Posted on April 26, 2011

I thought it would be interesting to calculate the average age of users on each StackExchange site, and even more interesting to see each tag within those sites. I did a caculation using the April 2011 data dump and came up with the following data. I call the statistic the Expected age of a tag because it is calculated using the Expected Value.

Observations:

  • The expected age of the whole StackOverflow site is ~30 years old.
  • On StackOverlow the tag with the youngest expected age is 26 years old, the tag with the oldest is 36. I was surprised they were so close together.
  • The site with the youngest users of the StackExchange network is: Gaming, then surprisingly Game dev, and Ask Ubuntu.
  • The site with the oldest users of the StackExchange network is: Do It Yourself, followed by Photography, and then by Geographic Information Systems.
  • A funny one, on ServerFault one of the tags with the oldest expected age is old-hardware. Apparently older people know more about old-hardware than anything else.
  • I’m not sure if this is true, but perhaps the tags with younger ages are more cutting edge. For example vb6 and COBOL have ages of over 36 on Programmers SE. I don’t think this assertion is true in general though.

And as for the other sites, the expected age is:

You can see the per user tag data by clicking on the site name in the above list.

You could probably say that the StackExchange network could use younger contributors. I’ve said this before, but I think it would be advantageous for the StackExchange team to do some events at Universities. When I previously helped with some Microsoft events at University of Waterloo (Top Computer Science University in Canada, and one of the top in the world) several students didn’t know what StackOverflow was.

How I made the calculations per tag

The below calculations were calculated with the April 2011 StackOverflow data dump.
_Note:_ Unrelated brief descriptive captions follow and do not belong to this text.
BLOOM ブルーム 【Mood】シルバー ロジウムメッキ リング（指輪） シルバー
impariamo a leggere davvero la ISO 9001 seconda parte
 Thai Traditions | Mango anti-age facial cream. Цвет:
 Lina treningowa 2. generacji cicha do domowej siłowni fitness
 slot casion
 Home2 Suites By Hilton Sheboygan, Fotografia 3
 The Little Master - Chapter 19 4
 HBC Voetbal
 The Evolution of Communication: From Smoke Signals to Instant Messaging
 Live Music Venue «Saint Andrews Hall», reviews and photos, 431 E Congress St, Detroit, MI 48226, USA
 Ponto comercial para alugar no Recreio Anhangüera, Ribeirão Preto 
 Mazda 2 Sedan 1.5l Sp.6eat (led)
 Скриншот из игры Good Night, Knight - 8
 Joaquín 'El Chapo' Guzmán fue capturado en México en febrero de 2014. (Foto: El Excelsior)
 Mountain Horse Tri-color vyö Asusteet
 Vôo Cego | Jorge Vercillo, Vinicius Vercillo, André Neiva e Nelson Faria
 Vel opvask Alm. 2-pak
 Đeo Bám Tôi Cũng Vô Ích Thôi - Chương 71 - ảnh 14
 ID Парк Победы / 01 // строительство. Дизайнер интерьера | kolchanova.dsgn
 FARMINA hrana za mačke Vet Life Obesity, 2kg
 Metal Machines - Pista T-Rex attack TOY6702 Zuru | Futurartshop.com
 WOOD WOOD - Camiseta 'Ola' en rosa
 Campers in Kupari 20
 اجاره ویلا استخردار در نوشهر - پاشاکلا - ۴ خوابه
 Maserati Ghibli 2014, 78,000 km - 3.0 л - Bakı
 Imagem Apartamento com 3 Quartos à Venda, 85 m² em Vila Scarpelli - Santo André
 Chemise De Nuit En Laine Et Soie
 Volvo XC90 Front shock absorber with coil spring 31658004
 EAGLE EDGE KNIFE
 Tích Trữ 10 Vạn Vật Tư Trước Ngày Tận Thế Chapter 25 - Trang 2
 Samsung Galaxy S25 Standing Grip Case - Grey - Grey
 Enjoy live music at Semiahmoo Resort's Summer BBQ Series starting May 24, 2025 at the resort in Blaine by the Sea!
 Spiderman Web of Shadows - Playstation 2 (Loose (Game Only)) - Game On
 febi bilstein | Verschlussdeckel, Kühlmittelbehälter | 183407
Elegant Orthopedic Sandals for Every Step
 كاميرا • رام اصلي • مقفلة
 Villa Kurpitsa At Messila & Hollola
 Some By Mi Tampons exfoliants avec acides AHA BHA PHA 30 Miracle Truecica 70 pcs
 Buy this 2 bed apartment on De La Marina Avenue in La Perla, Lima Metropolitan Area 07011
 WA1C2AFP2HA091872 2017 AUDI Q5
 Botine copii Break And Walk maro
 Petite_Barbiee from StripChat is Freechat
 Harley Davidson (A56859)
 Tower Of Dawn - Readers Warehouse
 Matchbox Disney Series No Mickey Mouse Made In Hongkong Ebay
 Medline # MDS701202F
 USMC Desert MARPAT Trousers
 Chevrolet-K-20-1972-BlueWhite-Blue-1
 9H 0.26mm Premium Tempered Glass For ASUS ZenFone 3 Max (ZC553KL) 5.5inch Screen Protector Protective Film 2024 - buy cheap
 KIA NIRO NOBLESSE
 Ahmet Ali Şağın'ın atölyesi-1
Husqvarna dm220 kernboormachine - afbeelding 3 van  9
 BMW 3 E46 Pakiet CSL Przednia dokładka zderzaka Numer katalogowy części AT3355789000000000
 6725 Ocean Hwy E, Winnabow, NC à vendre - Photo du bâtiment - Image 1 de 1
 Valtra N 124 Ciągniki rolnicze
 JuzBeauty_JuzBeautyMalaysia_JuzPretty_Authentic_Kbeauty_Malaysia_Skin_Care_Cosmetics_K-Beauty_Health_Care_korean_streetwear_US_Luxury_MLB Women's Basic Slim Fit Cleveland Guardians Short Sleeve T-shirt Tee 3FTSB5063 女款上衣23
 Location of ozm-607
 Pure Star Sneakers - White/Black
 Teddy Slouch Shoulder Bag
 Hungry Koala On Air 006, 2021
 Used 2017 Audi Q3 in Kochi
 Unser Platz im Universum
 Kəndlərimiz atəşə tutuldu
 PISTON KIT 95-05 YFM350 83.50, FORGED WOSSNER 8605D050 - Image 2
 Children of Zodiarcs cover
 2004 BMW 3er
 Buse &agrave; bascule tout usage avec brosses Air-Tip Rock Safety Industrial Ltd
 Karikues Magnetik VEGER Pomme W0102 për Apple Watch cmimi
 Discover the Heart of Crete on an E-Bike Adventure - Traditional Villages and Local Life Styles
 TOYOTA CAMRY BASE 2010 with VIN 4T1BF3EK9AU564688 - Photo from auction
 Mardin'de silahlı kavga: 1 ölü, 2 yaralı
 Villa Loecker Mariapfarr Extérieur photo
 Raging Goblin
What I calculated was the average age per tag each answer comes from for each StackExchange site.

To do this calculation I calculated the Expected Age of each site.

Expected Age = Summation over each age X of: P(X) * X

Where P(X) is the probability that a user of age X will answer a given question. You can calculate this probability by summing the number of answers by each age, divided by the total number of answers within that tag.

I also only considered the top 3000 tags. The top tags may not match up exactly since I only consider tags if the answerer has an age specified in their profile.

Other attempts at these stats

I initially tried to do this statistic by weighing each age by the reputation of each user, but it turned out to not generate interesting data. The problem was that the data was weighted heavily to only include the top 1% or so of users.

Limitations of this study

  • Several users don’t enter their age in their profile, so no answers from a user without an age specified counts.
  • Users that are very young and users that are very old may be more unlikely to enter their age.
  • Each user may be counted more than once, since I only count +1 for each age that answers a questions.
  • Some users may be entering fake age values, although I ignored age values out of an acceptable range.
  • We are talking about averages here, so this doesn’t mean there aren’t a lot of younger and older contributors.
    For example if an average is 20 years old, there could be an equal amount of 10 and 30 year olds answering, or there could be only 20 year olds answering.